Boomerang kids aren’t bad

Boomerang. Graphic by Heath VanSingel
Graphic by Heath VanSingel
A high rate of college-age Americans are moving back in with Mom and Dad.

According to information released by the Pew Research Center, about 30 percent of 18-30 year-olds will move back in with their parents. The causation of this is likely the recession that has been devastating to young Americans since the end of 2007.

This group of about 20 million people has been called the “boomerang kids”; assumingly because the nature of a boomerang is that it goes away and then comes back to you.

This is a terrible moniker for this group of people who have fallen on hard times. Anyone who is not an Aborigine, Mick Dundee or a manufacturer of boomerangs knows that they are just about impossible to work. There is probably a unique skill and talent for properly using a boomerang, whose original purpose was for hunting in the Australian outback, but it’s not common in the neighborhoods where I grew up.

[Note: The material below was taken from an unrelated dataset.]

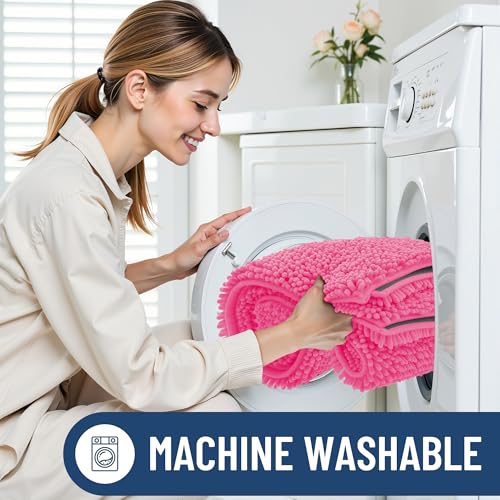 Smiry Luxury Chenille Bathroom Rugs 24x16, Extra Soft and Absorbent Shaggy Bath Mat, Machine Washable, Non-Slip Plush Carpet Runner for Tub, Shower, and Floor, Home Decor Accessories, Hot Pink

This sounds terrible; 20 million young people moving back in with Mom and Dad, but I see this as a type of sensibility that perhaps contributed to the economic collapse. Recognizing the likely poor living conditions they would be able to afford individually and deciding that rather than settling for a job just to pay the bills, this demographic has opted to stay in school, continuing their education to better weather the economic storms in the future. The same goes for delaying having a child or getting married.

These may be kids because they are someone’s children, but despite what the data seems to suggest, they’re making some rather adult decisions.